INFORMATION and HELP
GENERAL INFORMATION:
PCRPi is a method for predicting critical residues (i.e. hot spot residues) in protein interfaces. PCRPi relies on the integration of seven measures
or variables that account for energy, structural and evolutionary information by using Bayesian Networks.
Figure 1 shows an overall description of the prediction process.
Figure 1. Overall description of the prediction process (click here to enlarge the figure).
Interface residue attributes:
1. Interaction engagement index (IE). The IE index gauges the proportion of side chain atoms (including the main-chain amino
nitrogen and carboxyl oxygen) of a given interface residue that are engaged on atomic interactions with proteins in the complex.
Non-bonded atomic interactions are described using CSU program [1]

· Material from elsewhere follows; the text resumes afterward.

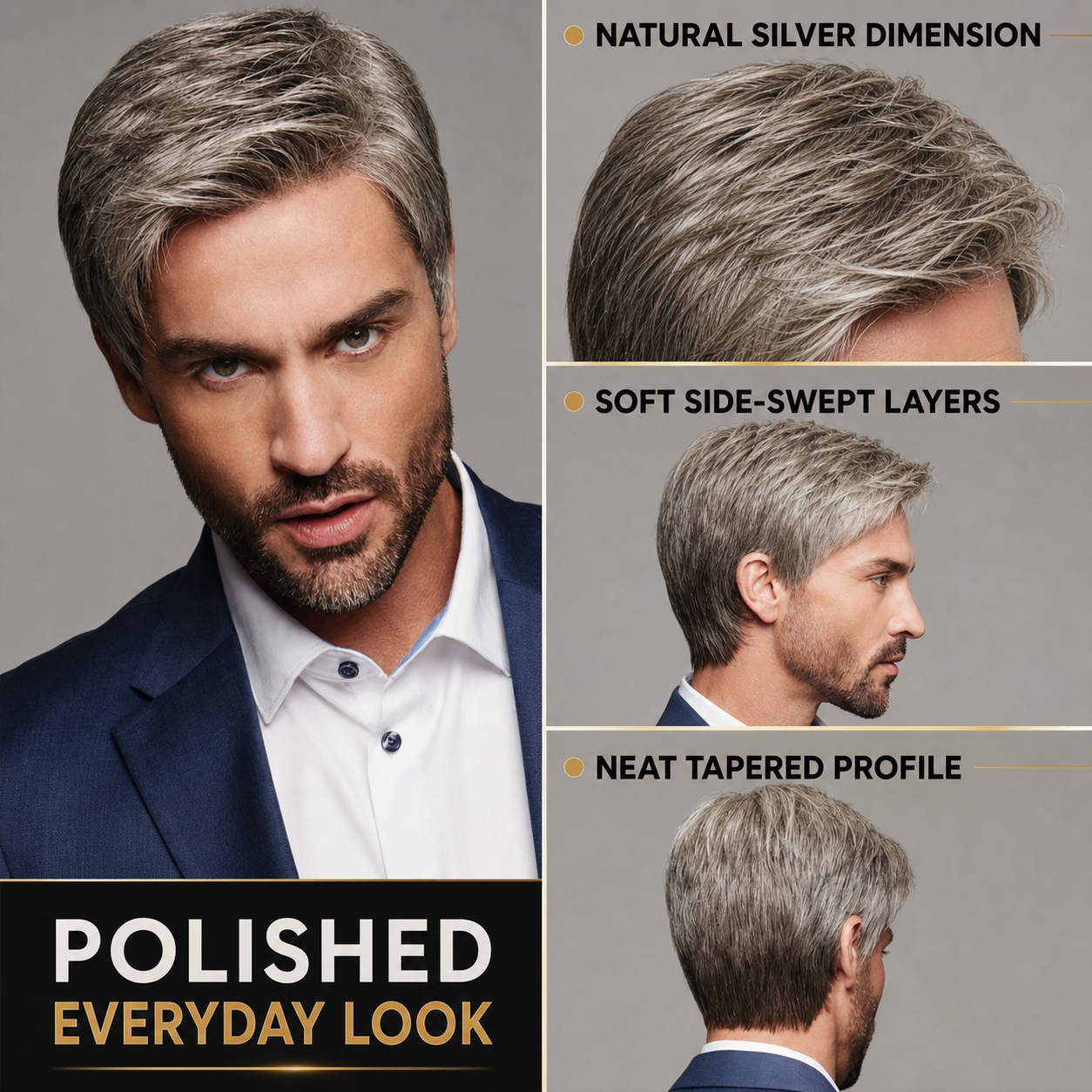 Men's silver gray wig: natural silver dimension, side-swept layers, tapered profile and polished everyday look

2. Topographical index (TOP). The TOP index estimates the structural micro-environment of a given interface residue and is
calculated as the ratio between structurally neighbor residues and the average number of residues that the given residue type
(e.g. Ala) interact with when located on a protein interface. Structurally neighbor residues are any residues
not belonging to the same chain whose carbon alpha is enclosed in a sphere of 10 Angstroms of radius centered on the carbon
alpha of the given residue. The average number of contacts by residue type is shown in table 1.
Table 1. (a) Average; (b) Standard deviation (click here to enlarge the table).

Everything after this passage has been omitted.